By Douwe Miedema and Simon Meads
LONDON, Nov 23 (Reuters) - Specialist buyers of secondary
private equity investments are in a perilous business, as
bargains now may soon prove to be rip-offs, with a mountain of
assets looking set to be dumped on the market.
Perfectly sound second-hand private equity assets can be had
for a 30-percent discount and more questionable ones for no
money at all, fund-of-funds investors say, but the uncertain
outlook makes pricing a hazardous game.
"A lot of people would say it's like trying to catch a
falling knife," said Elaine Small, a partner in charge of
secondary private equity operations at Paul Capital, a
specialised private equity investor.
"We would rather pay a full and fair price for companies
with (strong) characteristics than get a big discount on a
company that's going to go bankrupt," she said.
The credit crisis last year put an almost immediate halt to
leveraged buy-outs, the bulk of the business for private equity
houses, but the secondary market remains lively as large
investors offload their exposure.
Capital available for secondary deals -- what the industry
calls dry powder -- is about $12 to $15 billion, said Small,
whose company manages some $4.2 billion of secondaries.
Yet assets coming onto the market in the next one or two
years of as much as $130 bln in the financial services sector
alone would dwarf that figure, she estimates.
Small's figure does not include assets being sold by pension
endowments, such as Harvard or Duke universities which have
recently put private equity assets up for sale.

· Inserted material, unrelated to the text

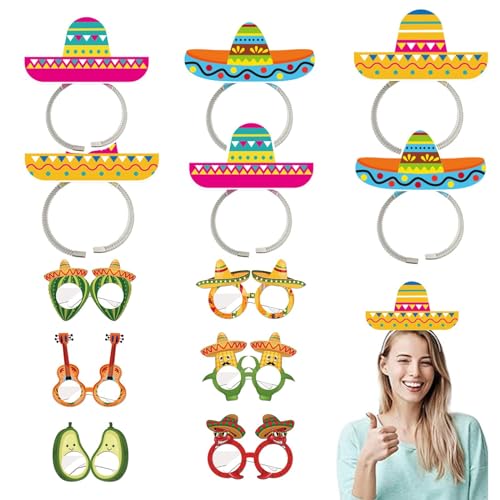Mexican party decorations Mexican Fancy Dress Mexican Hat Sombrero Party Hats Mexican Party Fancy Party Eyeglasses Novelty Glasses Photo Props (6 PCS Sombrero Party Hats 6 PCS Party Glasses Mask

Another prominent seller not part of the figures is the UK's
Wellcome Trust, a charity trust funding medical research, which
has invited bids for part of its 3.8 billion pound ($5.64
billion) private equity portfolio.
BARGAIN HUNTING
Secondary buyers insist there are enough healthy assets out
there -- only a small portion are from distressed situations,
where a company is in financial trouble.
Large institutional investors may need to sell private
equity assets as their exposure exceeds their own guidelines,
after poor performance of their equity portfolios. Other
investors simply need the cash.
"For strong funds, discounts are 25 percent or more. For
funds with less than perfect reputations, discounts are 40
percent or more," said Bob Long, Chief Executive of Conversus
Capital, a fund-of-funds firm.
"For funds with real challenges, today, you can buy some of
those funds for virtually no initial outlet capital," Long said,
just by vowing to fund future capital calls.
Secondary investments are a way to keep doing business, even
as the primary private equity players are sitting on their cash
and looking for alternative ways to make money.

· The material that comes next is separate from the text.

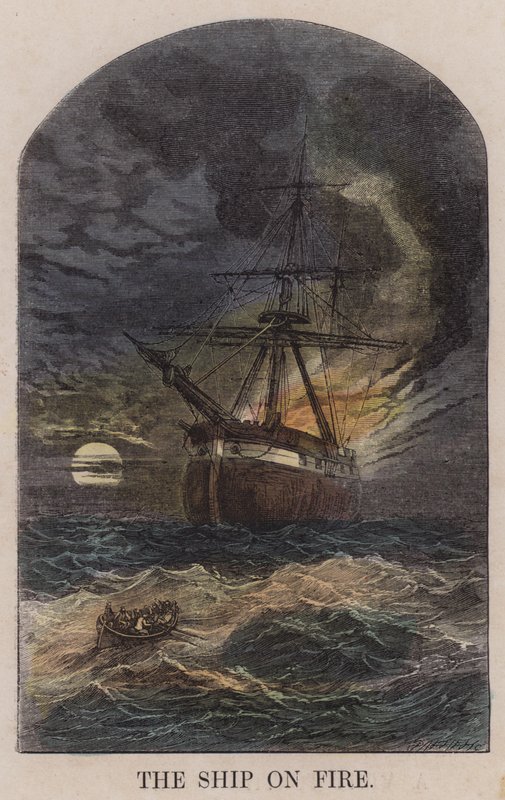 Het schip in brand door English School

Conversus -- spun off from Bank of America -- has been
investing money roughly at the same rate as before the credit
crisis and money returns from its portfolio have been stable
this year, though much lower than a year ago.
But markets take a sceptical view and Conversus' shares are
trading at a 43-percent discount to its Net Asset Value (NAV),
according to its own data, in line with rivals.
The discount of Partners Group Global Opportunities is 61
percent, Conversus says, JP Morgan Private Equity Limited trades
at a 21-percent discount and Lehman Brothers Private Equity is
67 percent below NAV.
SELL IF YOU CAN
There is little from inside the world of primary private
equity investors to stop the market gloom.
Limited partners, or investors in private equity funds,
often resist accepting a discount, but they may get used to the
idea later this year when managers have revalued NAV and they
have a realistic valuation in front of them.
Assets might be trading at a significant discount to
valuations made at the end of June, but things may look even
worse when compared with likely valuations at year-end.
And while selling at a loss may hurt, it does allow
investors to get off the hook for future commitments to funds,
said Billy Gilmore at Scottish Widows Investment Partners
private equity fund of funds business.
"It's a lot better to take what you can for that exposure
and have some dry powder to invest in what seem to be more
attractive conditions in the future," he said.